Acoustiquement, chaque son peut être décomposé en un son fondamental accompagné de divers sons harmoniques à l'intensité variable, ainsi que de bruits provoqués par le mode d'émission (coup d'archet, de la langue etc.). L'observation fine du profil spectrographique des notes émises par un instrument permet de fournir un schéma de travail : le compositeur peut utiliser ces repères pour faire intervenir d'autres instruments et composer.
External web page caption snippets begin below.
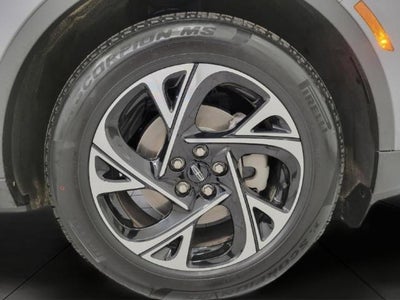 2025 Lincoln Nautilus Premiere AWD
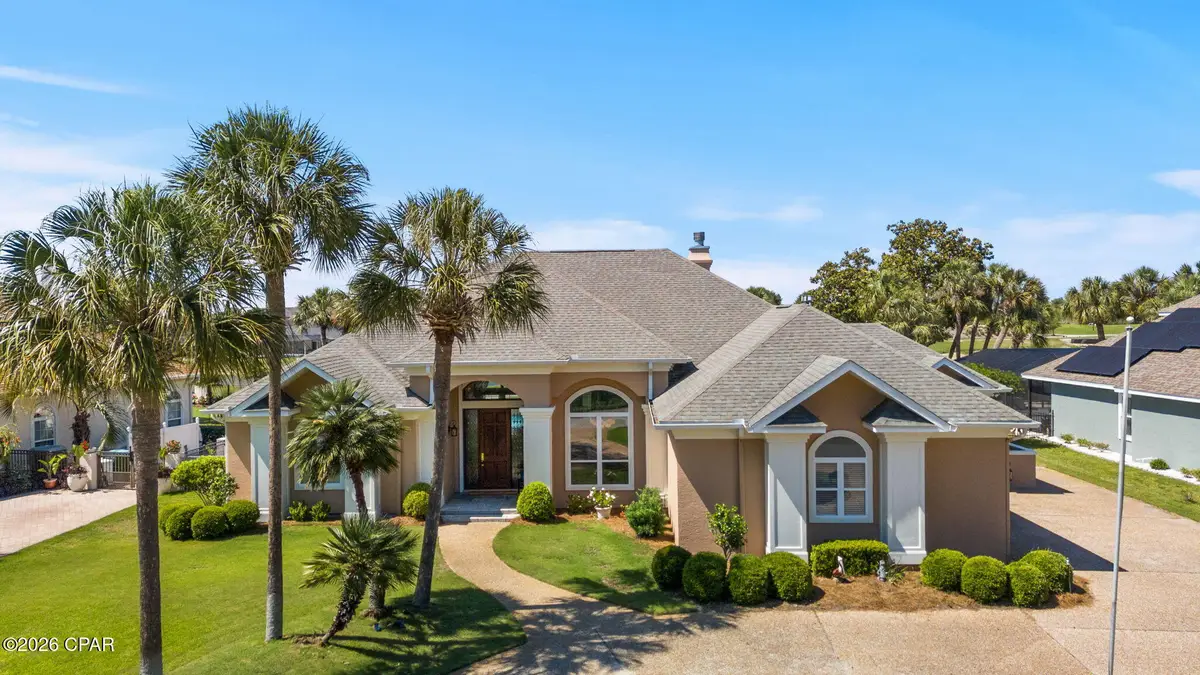 3504 Dragon's Ridge Road, Panama City Beach, FL 32408 - #1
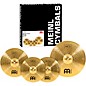 MEINL HCS Complete Cymbal Set-Up thumbnail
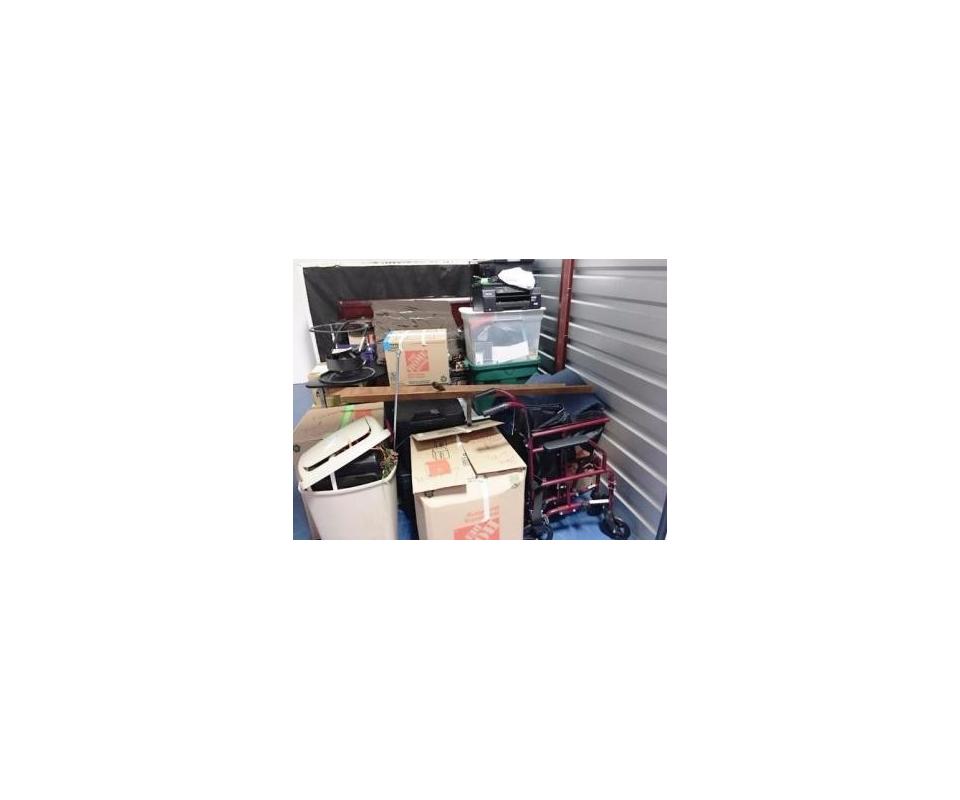 Pines Road Storage Center Shreveport LA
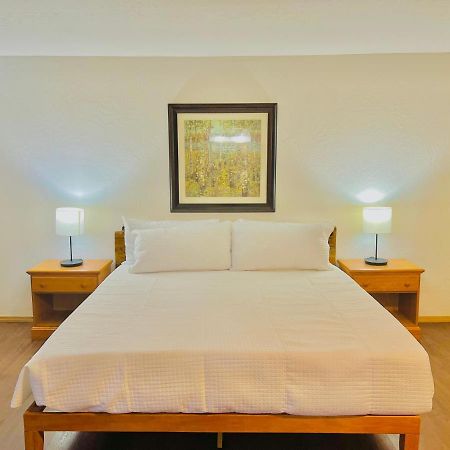 Timberlodge Inn Pinetop-Lakeside Dış mekan fotoğraf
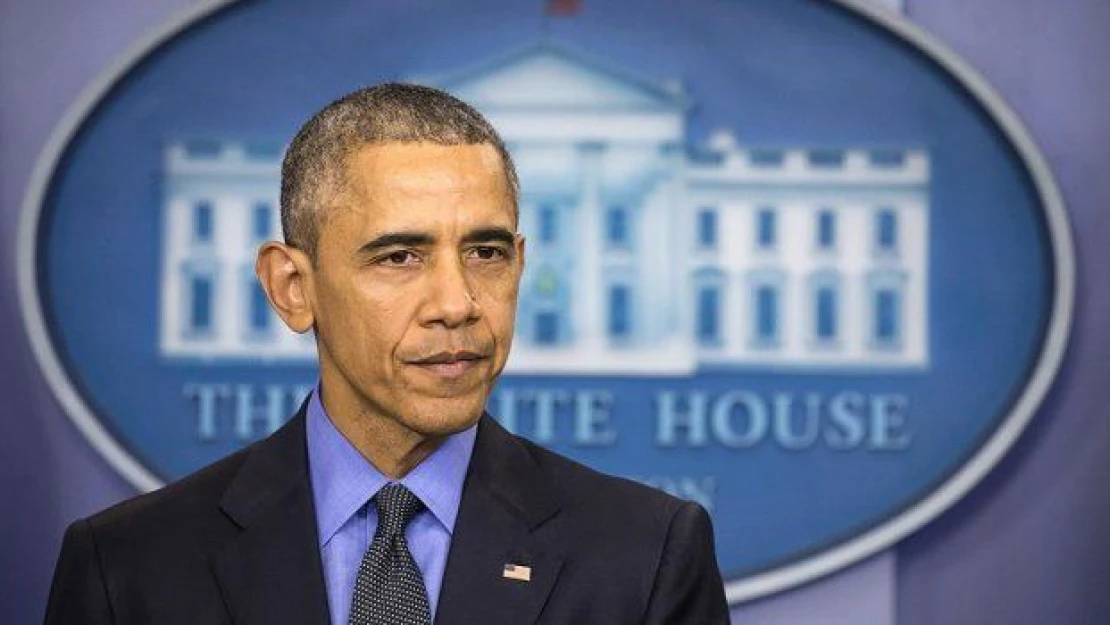 Obama yine 'soykırım' demedi!
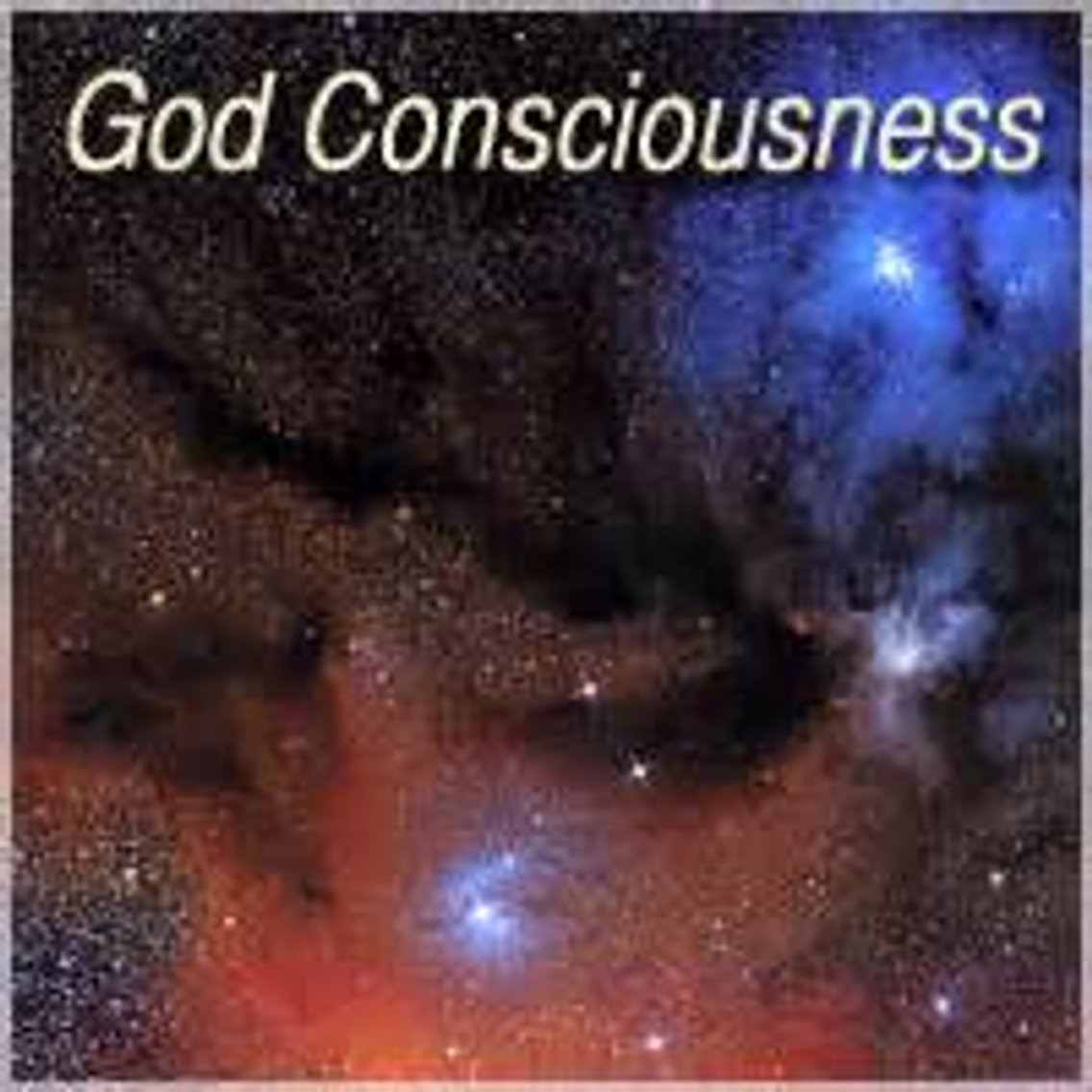 Consciously Interacting With God #2 - Cover Image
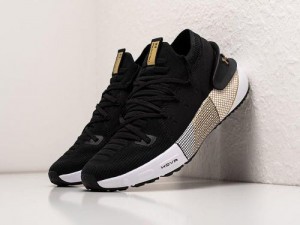 Under Armour Hovr Phantom 3 Black Gold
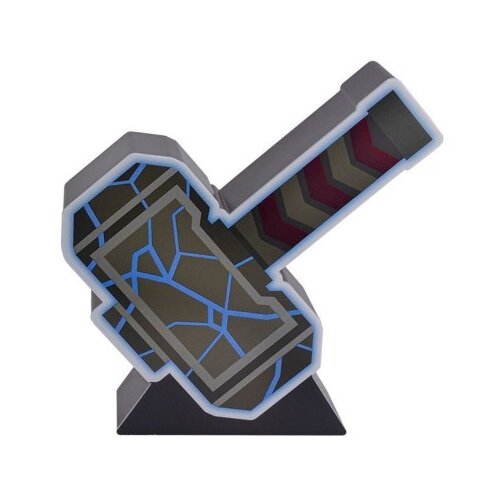 Paladone Marvel Thor's hammer box namizna svetilka Cene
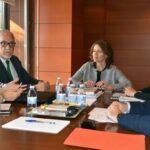 Ayuntamiento de Manzanares y Junta trabajan para duplicar las plazas de la residencia de mayores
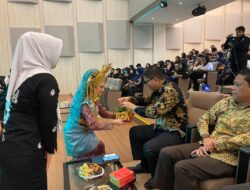Digitalisasi Kian Masif, Diskominfo Batam Perkuat & Perluas Literasi Digital kepada Siswa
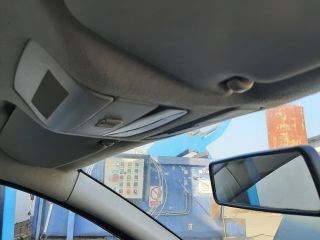 SEAT CORDOBA (6L2) Szívósor 9. kép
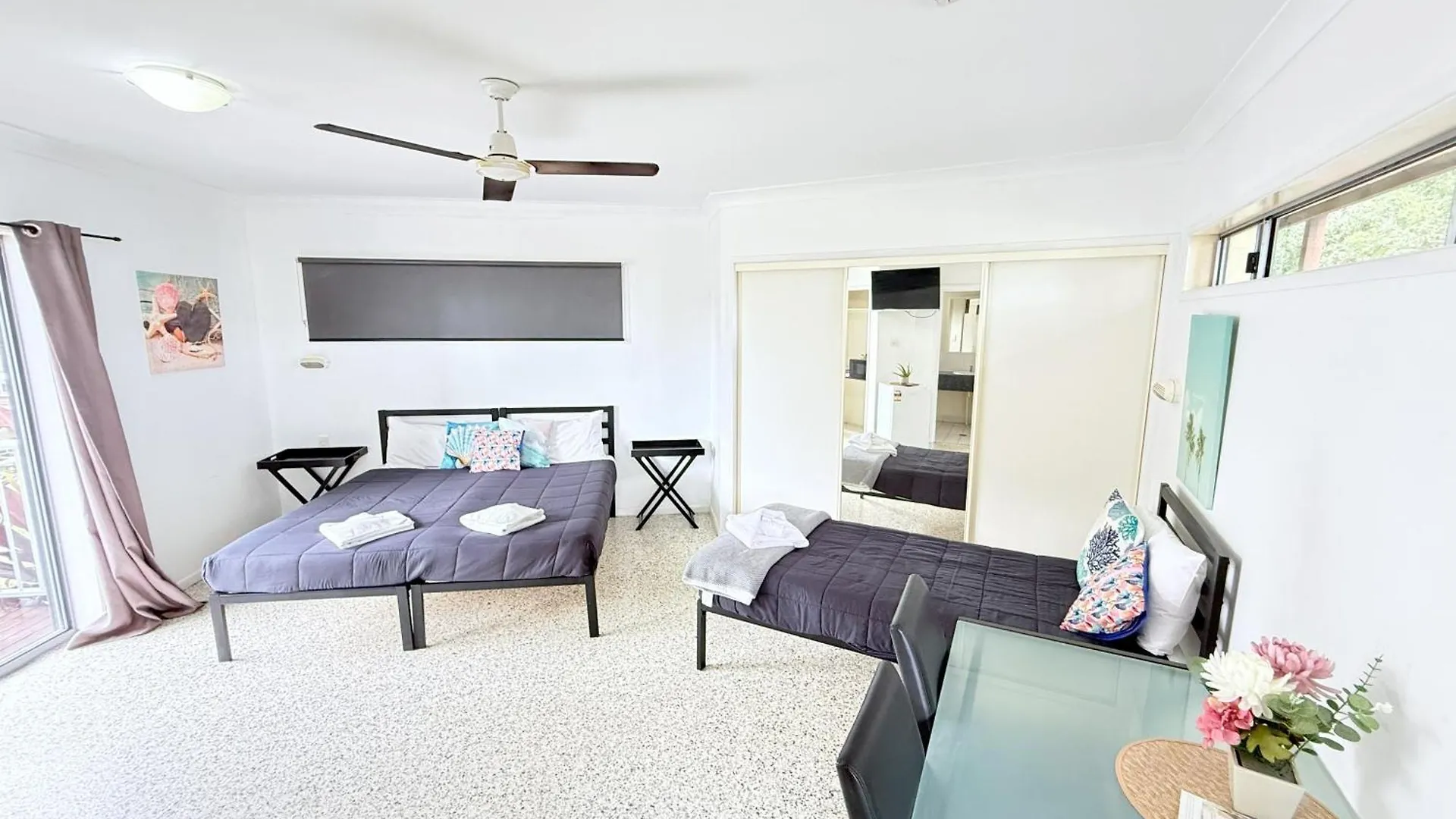 Emu Park Beach Resort Emu Park
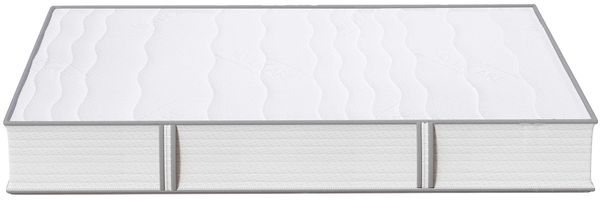 MSS 7Z TTFK-Matratze MedicSilverPlus 200 x 140 x 24 cm H3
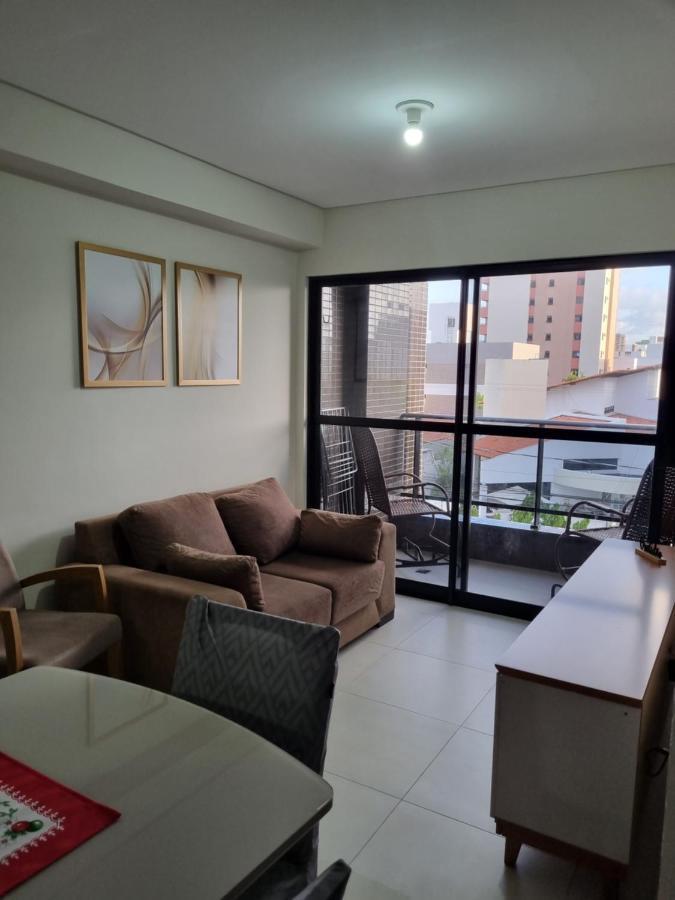 Maravilhoso Apto No Bessa Joao Pessoa Exterior photo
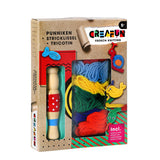 Creafun punch set 2 asorti | 4 vnt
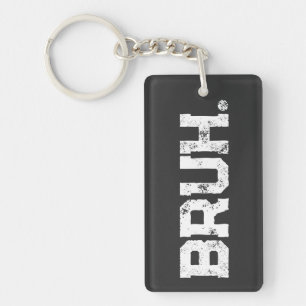 Sleutelhanger voor al je Bruhs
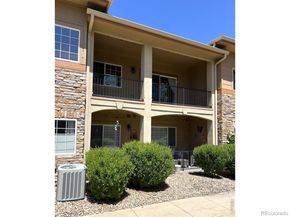 1703 Whitehall Drive 4A, Longmont CO 80504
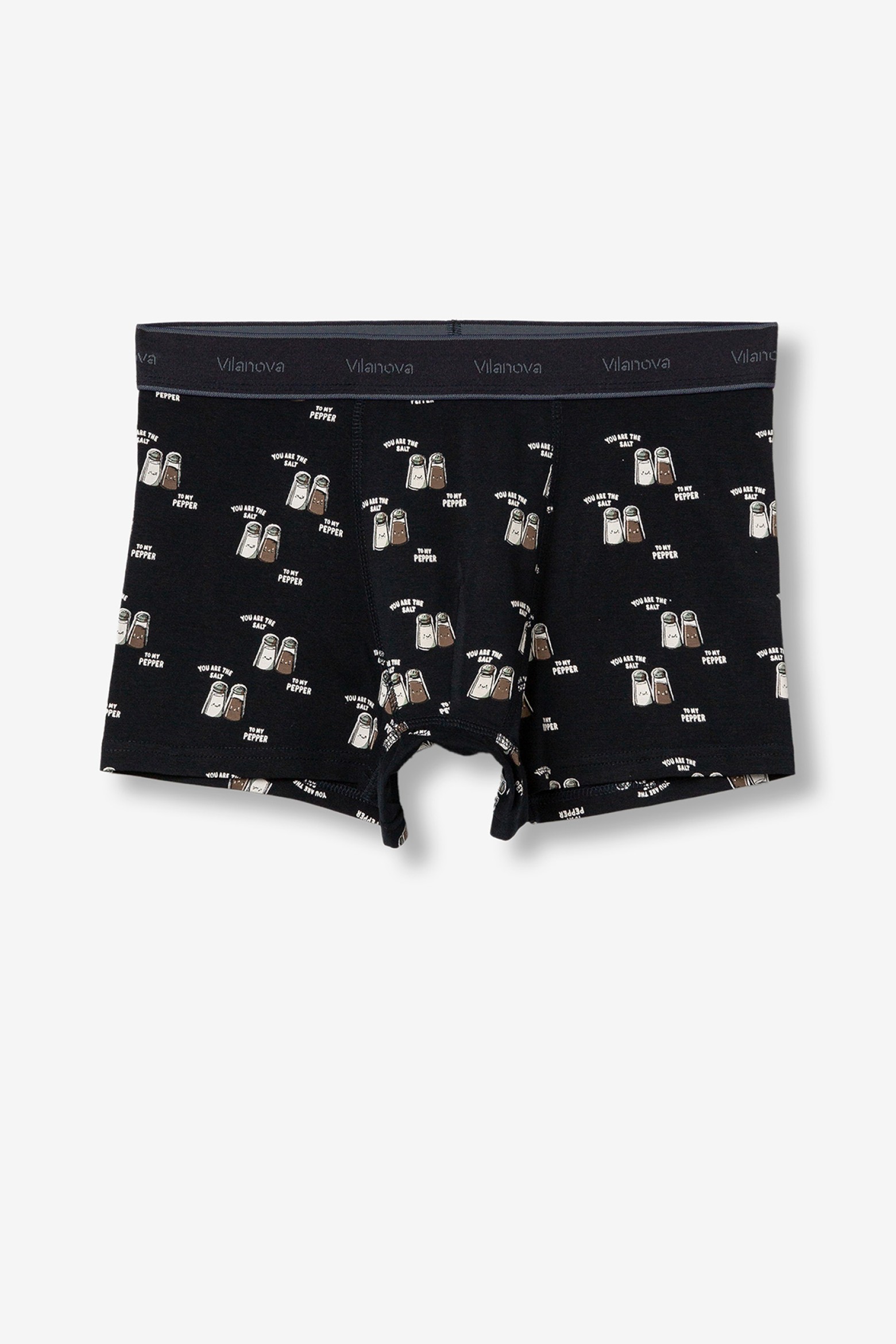Printed Boxers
Plus généralement, ce mouvement esthétique, qui propose également de nouvelles techniques musicales, apparaît en réaction à la pensée structuraliste de la musique des années 1960 (sérialité généralisée, combinatoires) qui, pour ces compositeurs, non seulement travaillait sur des paramètres du son qui avait été délaissé par les compositeurs de la première moitié du XXe siècle (rythmes, hauteurs d'une échelle à 12 notes, etc.), mais également se détournait de l'objet pour ne combiner et spéculer que sur des abstractions parfois vidées de leur sens. La musique spectrale est un retour à la perception, à un intérêt théorique pour les notions d'anticipation, de surprise et de flèche du temps en musique (comme les musiques de processus et répétitives aux États-Unis), et pour une composition des phénomènes continus en musique.
La notion d'école correspond peu à la réalité mais, en tirant un peu, on peut affirmer qu'il s'agit d'une école esthétique dans le sens où elle a influencé de nombreux compositeurs plus jeunes : Thierry Alla, Thierry Blondeau, Marc-André Dalbavie, Jean-Luc Hervé, Philippe Hurel, Philippe Leroux, Fabien Lévy, Caroline Marçot, Eric Tanguy, Frédéric Maurin et Xu Yi en France, Claude Ledoux en Belgique, Claude Vivier au Canada, Kaija Saariaho et Magnus Lindberg en Finlande, George Benjamin et Julian Anderson au Royaume-Uni, Joshua Fineberg et Steve Lehman aux États-Unis, Georg Friedrich Haas en Autriche ainsi qu'Ana-Maria Avram en Roumanie pour n'en citer que quelques-uns.